(Beginning of Data records)
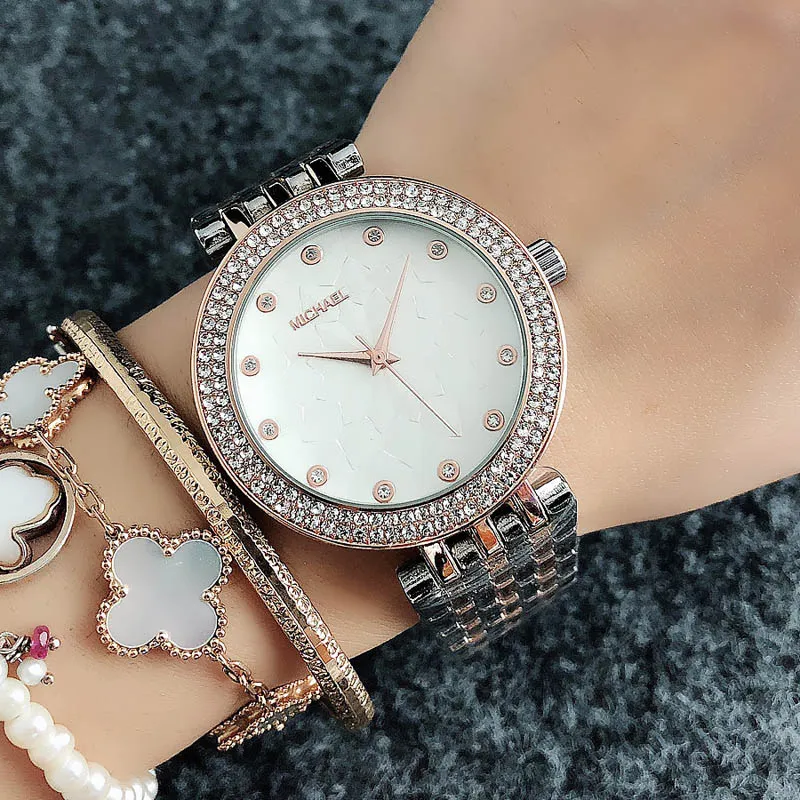 Chain wrist watch for girl hotsell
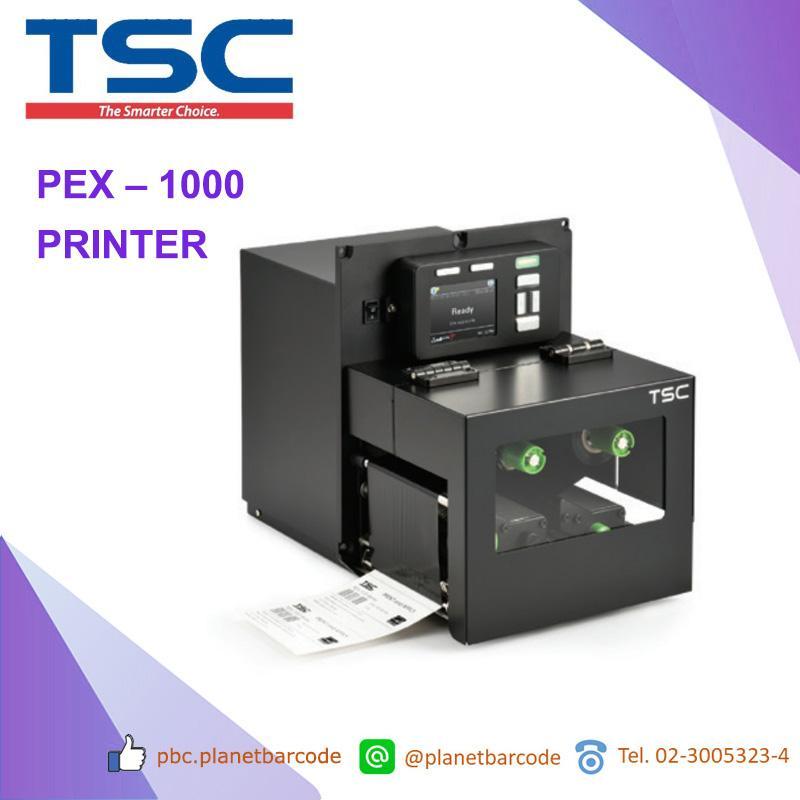 TSC PEX - 1000 Series printer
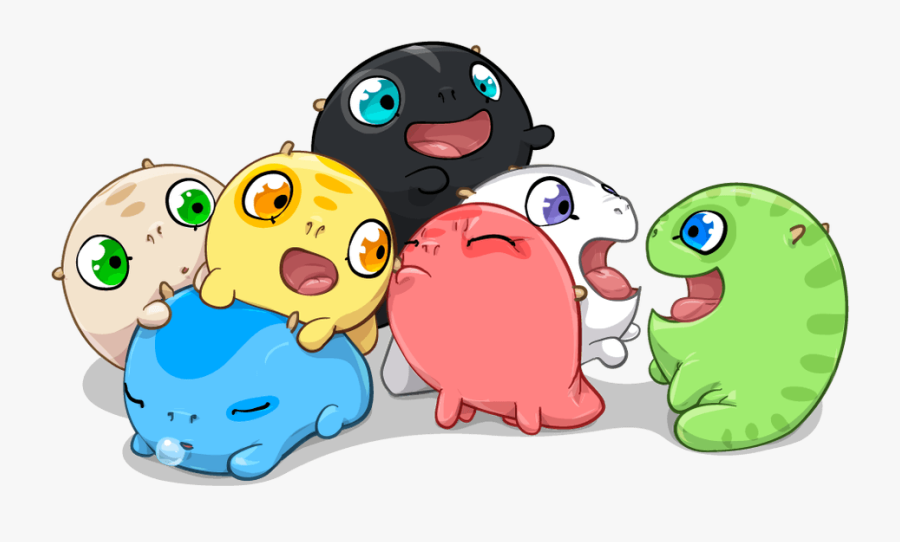 Hatch For Iphone Delivers Playful Tamagotchi - Hatch App, Transparent Clipart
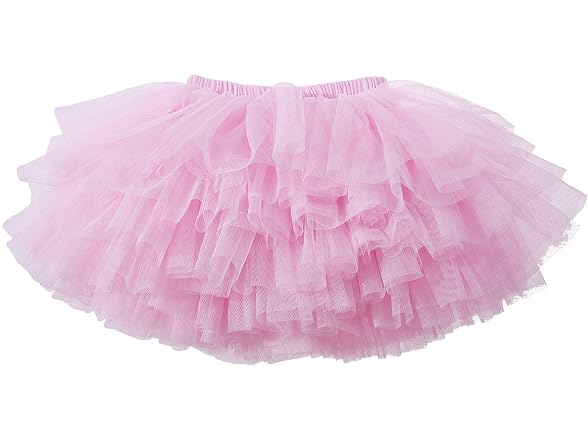 elamccor Kids (3) Baby Girls' Tutu Skirt Toddler 6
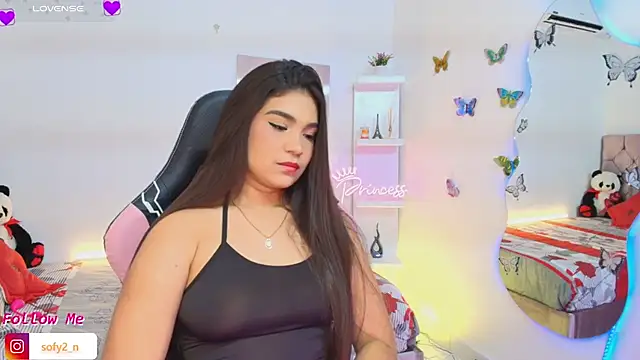 Snapshot of imsofy_ chatting on May 6, 2026, 8:57 pm imsofy online show from May 6, 2026, 8:57 pm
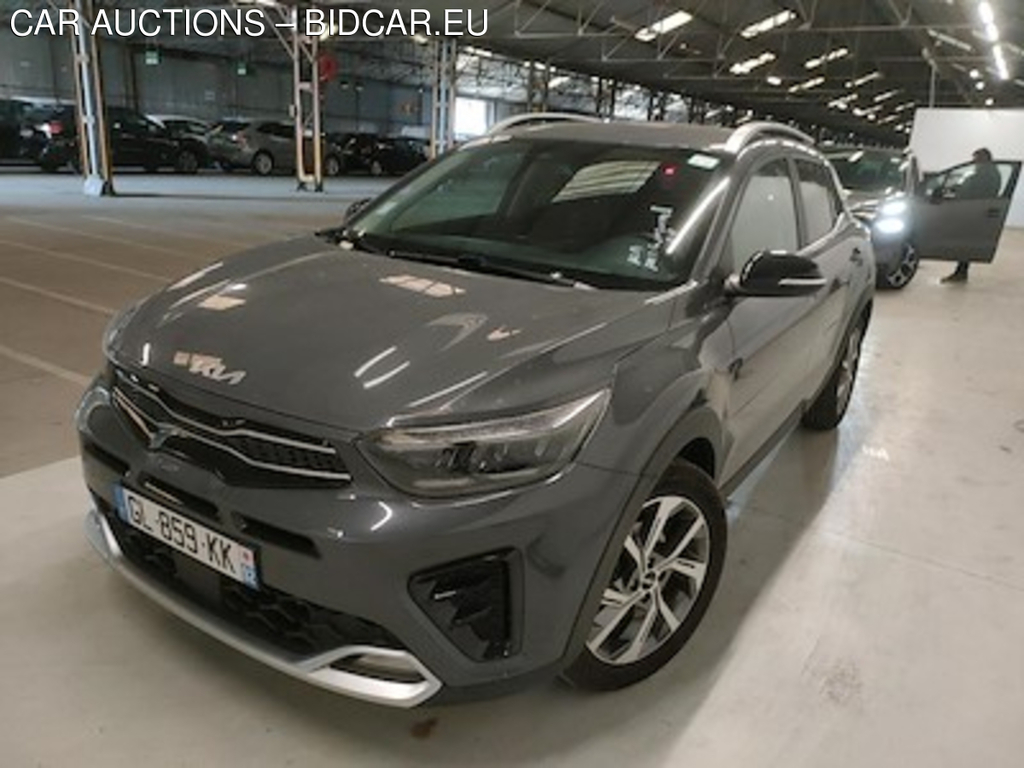 Kia STONIC Stonic 1.0 T-GDi 120ch MHEV GT Line Premium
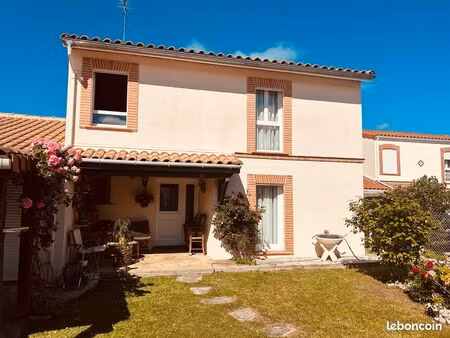 maison t5 115 m2 avec jardin et garage tournefeuille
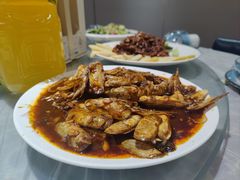 -天津乾毓德饭庄·清真传统炒菜·海鲜烧烤(咸阳路店)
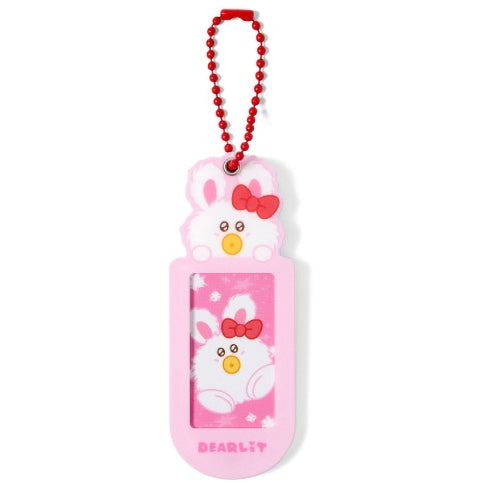 ILLIT [DEARLIT] Name Tag Keyring - Music Plaza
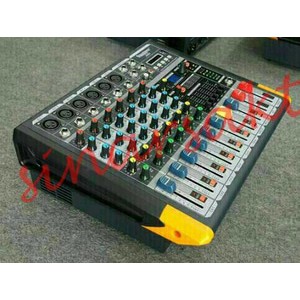 Power Mixer Soundbest JS 6D ( 6 Channel Full )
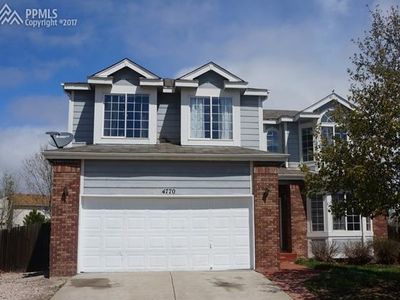 4770 Rushford Pl, Colorado Springs, CO, 80923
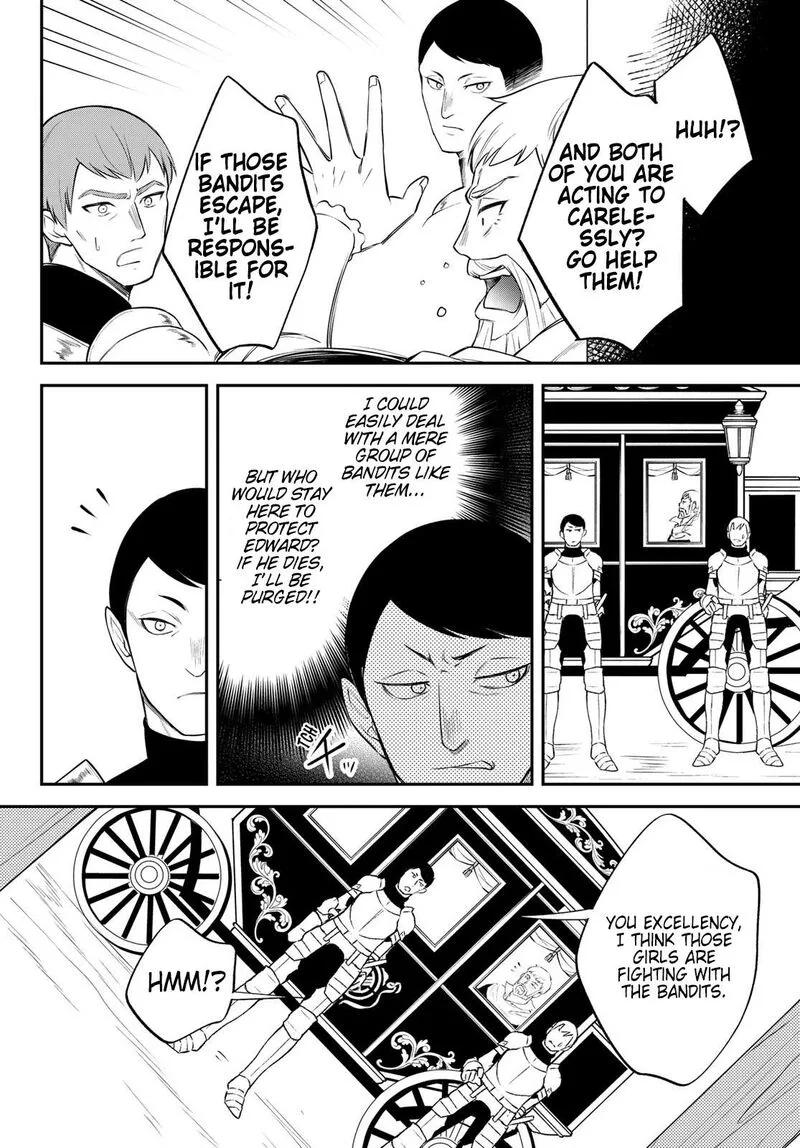 Tensei shitara Slime datta Ken Ibun: Makuni Kurashi no Trinity Chapter 64 page 16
(End of Data records)
Please write out the material from the line containing "maison t5 115" to its final line, both inclusive, exactly as it appears; pictures are not part of the copy.

 maison t5 115 m2 avec jardin et garage tournefeuille
 -天津乾毓德饭庄·清真传统炒菜·海鲜烧烤(咸阳路店)
 ILLIT [DEARLIT] Name Tag Keyring - Music Plaza
 Power Mixer Soundbest JS 6D ( 6 Channel Full )
 4770 Rushford Pl, Colorado Springs, CO, 80923
 Tensei shitara Slime datta Ken Ibun: Makuni Kurashi no Trinity Chapter 64 page 16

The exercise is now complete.